Out with vampires, in with other-worldy romance, writes Nicky Pellegrino.
I had absolutely sworn off angels, vampires, witches and any other fantastical creature you care to mention after reading a surfeit of them in the past couple of years but Daughter Of Smoke And Bone by Laini Taylor (Hodder & Stoughton, $34.99) somehow worked its magic on me.
I think a large part of this novel's charm is its fantastic "girlpower" heroine, Karou, who has bright blue hair and a secret other life. And yes, it is a fantasy romance, complete with angels and devils, but Taylor's prose is fresh and sassy enough to blow away any ennui with the genre.
Karou is an art student in Prague. She has a sketchbook full of strange drawings and a tendency to disappear so all her friends think she is eccentric. The truth is Karou lives between two worlds - the human one and another place, Elsewhere, where she was raised.
She has no family beyond a horned beast called Brimstone who runs a mysterious underground shop where he trades in teeth and creates magic. Karou knows nothing about herself or where she came from, but on her hands are tattoos designed to ward off the evil eye.
When Brimstone calls on her to collect teeth she drops whatever she's doing and disappears through a secret portal.
All is not well in Elsewhere. Its inhabitants, the chimaera, are locked in a centuries-old battle with their deadly enemies, the seraphims.
Just as things are reaching breaking point, Karou meets one of these glorious winged creatures and very quickly the story becomes a kind of fantasy Romeo and Juliet with star-crossed lovers and dangerous, forbidden desire.
But there isn't much time for Karou to dally with romance. The portals to Elsewhere are closing and the lives of those she loves are at risk. Somehow, she must find a way to reach them.
Whenever I try to describe the plot of a fantasy novel it comes out sounding ridiculous. But the worlds that Taylor has created and the creatures that inhabit them are richly imagined, vivid and compelling.
The story goes to some dark places and seems to have a real philosophy underpinning it. Taylor is a clever writer who weaves together reality and fantasy successfully and understands pace, gradually revealing her secrets and balancing the action with thoughtfulness.
Just like the best-selling Twilight books, this is a trilogy; one I think is aimed at the young adult market, although it will have broader appeal. But Daughter Of Smoke And Bone aces the Twilight books, in my opinion. It shows them up as shallow, repetitive and rather creepy. Fierce, courageous Karou could kick sappy Bella's butt and the mythic creatures she befriends make Edward Cullen look like nothing but a glittery rich kid with a fast car.

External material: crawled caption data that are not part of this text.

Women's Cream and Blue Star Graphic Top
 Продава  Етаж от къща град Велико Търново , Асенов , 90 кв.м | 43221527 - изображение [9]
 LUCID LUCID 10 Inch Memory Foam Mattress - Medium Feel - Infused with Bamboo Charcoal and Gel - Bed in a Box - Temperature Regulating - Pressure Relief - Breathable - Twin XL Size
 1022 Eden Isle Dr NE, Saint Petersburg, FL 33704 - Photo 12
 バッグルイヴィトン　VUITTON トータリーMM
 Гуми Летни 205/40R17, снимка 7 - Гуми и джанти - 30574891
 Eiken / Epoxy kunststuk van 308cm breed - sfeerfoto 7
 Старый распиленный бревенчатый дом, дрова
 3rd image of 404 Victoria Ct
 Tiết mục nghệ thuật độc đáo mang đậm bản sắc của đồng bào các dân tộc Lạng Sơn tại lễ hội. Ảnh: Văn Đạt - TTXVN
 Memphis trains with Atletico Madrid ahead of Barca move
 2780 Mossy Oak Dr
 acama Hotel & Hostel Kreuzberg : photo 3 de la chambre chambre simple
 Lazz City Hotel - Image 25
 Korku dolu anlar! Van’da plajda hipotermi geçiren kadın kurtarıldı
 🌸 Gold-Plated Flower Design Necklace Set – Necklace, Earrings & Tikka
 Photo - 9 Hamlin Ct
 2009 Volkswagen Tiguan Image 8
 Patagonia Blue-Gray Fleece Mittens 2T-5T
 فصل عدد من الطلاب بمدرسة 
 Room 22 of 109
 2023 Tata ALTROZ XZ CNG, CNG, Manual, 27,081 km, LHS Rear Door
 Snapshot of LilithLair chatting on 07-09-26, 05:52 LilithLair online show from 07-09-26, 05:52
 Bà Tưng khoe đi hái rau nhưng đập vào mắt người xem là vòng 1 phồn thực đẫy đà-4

US author Taylor has written three other novels. This one will be her big breakthrough title judging by the buzz about it, particularly on the internet where fans of the genre have been raving.
Perhaps they, too, were getting sick of the recent plague of vampires and were ready for something fresh.
If you're a lover of fantasy romance, you should read this book. Even if, like me, you're rather more reserved in your feelings about the genre, this is a cracker of a story and a truly entertaining read.